The main keep of Matsue Castle, also known as Chidori-jo, is original, fairly big compared to other castles in Japan and built in the borogata style. The main keep was built in 1611. The grounds are vast with many walls, cherry blossom trees and moats to see. Three turrets, based on old black and white photographs and original designs can be seen in the area. Towards the North of the castle, outside the moat is the home of Lafcadio Hearn (a Kwaidan author also known as Yakumo Koizumi) along with an old samurai house.
The castle has an artefact exhibit on the second floor that includes armour, weapons and a model of the castle in its peak.

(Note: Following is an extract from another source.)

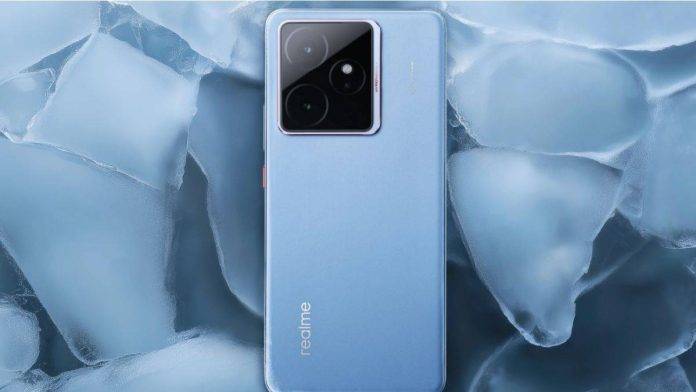 realme-GT-7-first-sale-on-starts-with-Rs-3000-discount-know-details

Matsumoto Castle, also called Fukashi-jo, in the Nagano Prefecture is a National Treasure, built in 1590. The Tenshi (main keep) of Matsumoto Castle is 30 meters tall with six storeys and 5 tiers. The third floor is a secret (safe) room, not visible from the outside. The top floor enshrines Nijūrokuya-shin – God of 26 nights. Every of the 26th of every month 500 kilograms of rice is offered to a Godess in exchange for protection of the castle.
The castle has a moon viewing turret, cherry blossom trees, blooming azaleas (in May) and of course the famous red bridge. There is a man wondering around the property until 11 AM in the mornings. He is dressed up as a Samurai and very willing to take pictures with visitors.
Uwajima Castle in the Ehime Prefecture was built in 1595. The layout of the castle hasn’t been changed since 1615 when yagura, gates and stone walls were added. Uwajima Castle boasts the oldest (1596-1615) and one of the largest existent Yakuimon-style gates, called Noboritachimon. The property has a weapons storehouse built in 1845 – this building is unique because few of these buildings have been preserved.
The castle hill is covered in greenery, as many of the walls are covered in moss. This creates the impression that the structures are part of nature.
The 12 original castles of Japan offer glimpses into the past along with impressive architecture and wonderful natural scenes. Each castle has its own unique stamp –encouraging tourists to visit the top 100 castles in Japan. How many have you visited?